DATA LISTING →
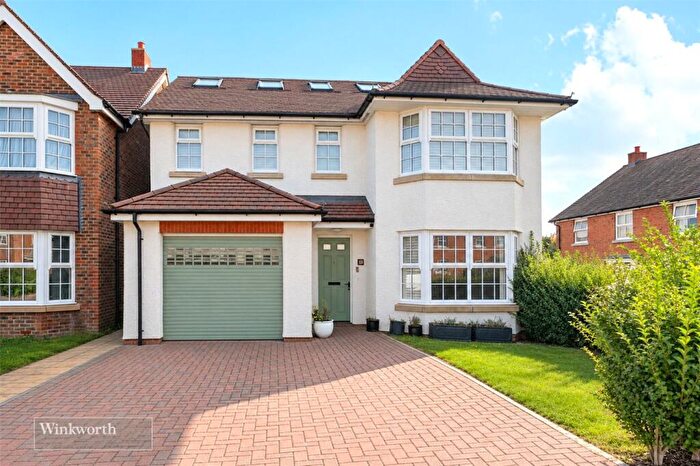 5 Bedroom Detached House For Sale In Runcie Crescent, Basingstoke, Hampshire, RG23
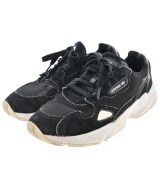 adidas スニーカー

...

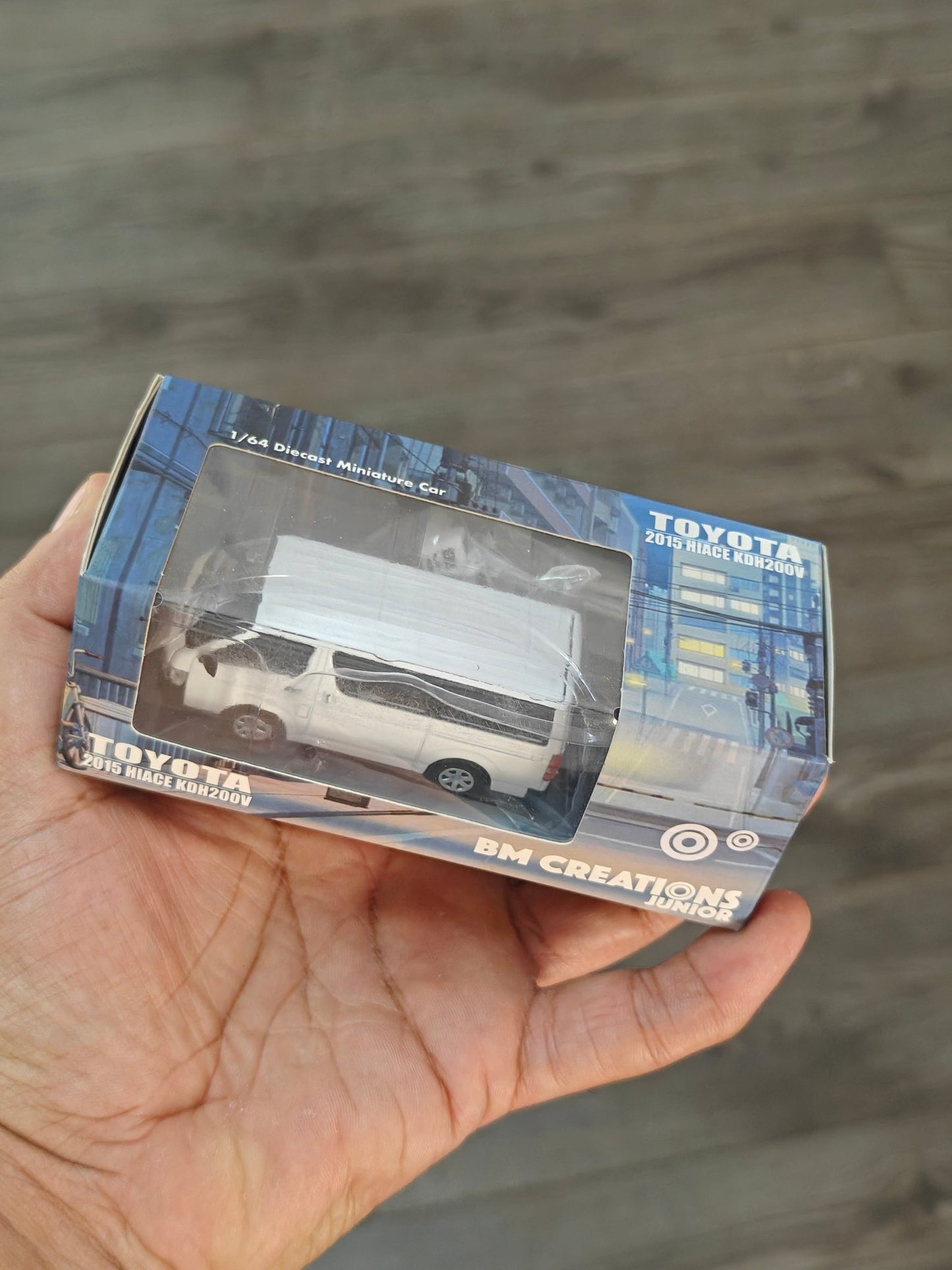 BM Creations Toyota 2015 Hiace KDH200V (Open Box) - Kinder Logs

PROBLEM TO WORK ON → Nothing except the lines from the one containing "5 Bedroom Detached" through the one containing "adidas スニーカー" should appear in the answer, exactly as above and without pictures.

WRITTEN SOLUTION →
 5 Bedroom Detached House For Sale In Runcie Crescent, Basingstoke, Hampshire, RG23
 adidas スニーカー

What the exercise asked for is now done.